* SHUTDOWN_crash and vcpu deferrals
@ 2009-02-20 21:01 John Levon
2009-02-20 21:35 ` Keir Fraser
0 siblings, 1 reply; 7+ messages in thread
From: John Levon @ 2009-02-20 21:01 UTC (permalink / raw)
To: xen-devel
If an HVM guest is waiting for an ioemu assist, when qemu isn't running, and
domain_shutdown(SHUTDOWN_crash) is called, then the domain isn't crashed
properly:
446 void domain_shutdown(struct domain *d, u8 reason)
447 {
...
466 for_each_vcpu ( d, v )
467 {
468 if ( v->defer_shutdown )
469 continue;
Nothing will ever end the deferral. I added code to bust through the
deferral if SHUTDOWN_crash was the reason, and it seemed to help, but
I'm not sure it's the right fix.
regards
john
^ permalink raw reply [flat|nested] 7+ messages in thread
* Re: SHUTDOWN_crash and vcpu deferrals
2009-02-20 21:01 SHUTDOWN_crash and vcpu deferrals John Levon
@ 2009-02-20 21:35 ` Keir Fraser
2009-02-20 22:03 ` John Levon
0 siblings, 1 reply; 7+ messages in thread
From: Keir Fraser @ 2009-02-20 21:35 UTC (permalink / raw)

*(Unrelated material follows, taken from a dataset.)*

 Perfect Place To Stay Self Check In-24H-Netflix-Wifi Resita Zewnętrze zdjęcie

To: John Levon, xen-devel@lists.xensource.com
On 20/02/2009 21:01, "John Levon" <levon@movementarian.org> wrote:
> If an HVM guest is waiting for an ioemu assist, when qemu isn't running, and
> domain_shutdown(SHUTDOWN_crash) is called, then the domain isn't crashed
> properly:
>
> Nothing will ever end the deferral. I added code to bust through the
> deferral if SHUTDOWN_crash was the reason, and it seemed to help, but
> I'm not sure it's the right fix.
Hm. If qemu is down you're kind of screwed anyway. Even a non-crashed guest
will likely hang. If you care about that eventuality (i.e., you believe qemu
problems are possible/likely and need to detect them, defend against them,
or whatever), would it be better to have tools try to detect it through
keepalives or something, and basically tackle that class of problem head on?

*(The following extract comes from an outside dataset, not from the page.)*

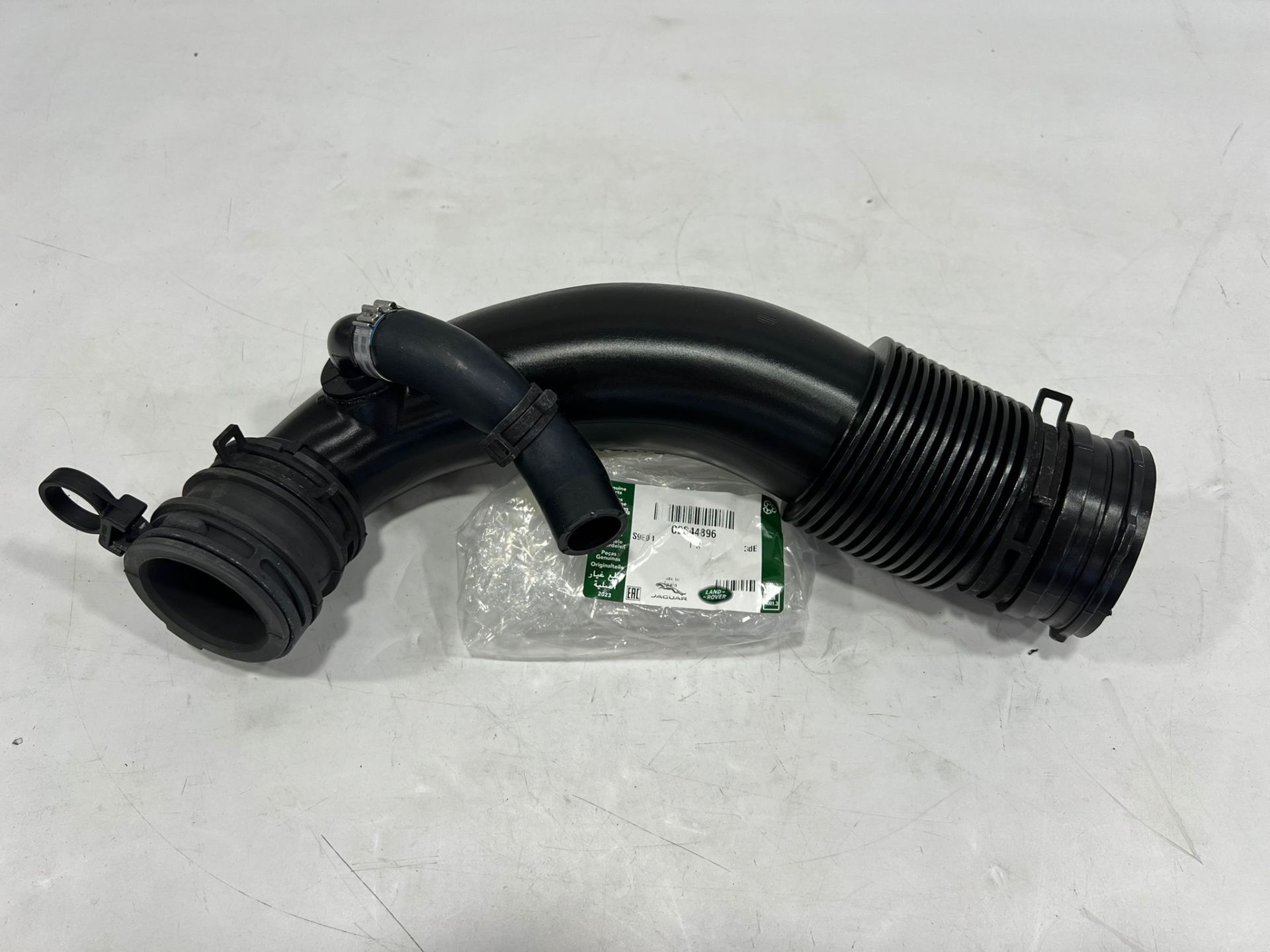 C2S44896 - HAVA FİLTRE HORTUMU (X-TYPE) - Jaguar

If you want the hack, I think what you're doing is probably about right. I'd
have to go back over that code again to be exactly sure though, since it's a
bit subtle.
Personally I think a dead qemu is pretty bad, and bugs leading to such
should simply be found and fixed (oh for a perfect world :-). That bad
things happen to a guest, like SHUTDOWN_crash hanging, after qemu is dead...
I'd just live with that -- a worse thing has *already* happened to that
guest's virtualisation environment.
-- Keir
^ permalink raw reply [flat|nested] 7+ messages in thread
* Re: SHUTDOWN_crash and vcpu deferrals
2009-02-20 21:35 ` Keir Fraser
@ 2009-02-20 22:03 ` John Levon
2009-02-21 9:01 ` Keir Fraser
2009-02-23 16:51 ` Ian Jackson
0 siblings, 2 replies; 7+ messages in thread
From: John Levon @ 2009-02-20 22:03 UTC (permalink / raw)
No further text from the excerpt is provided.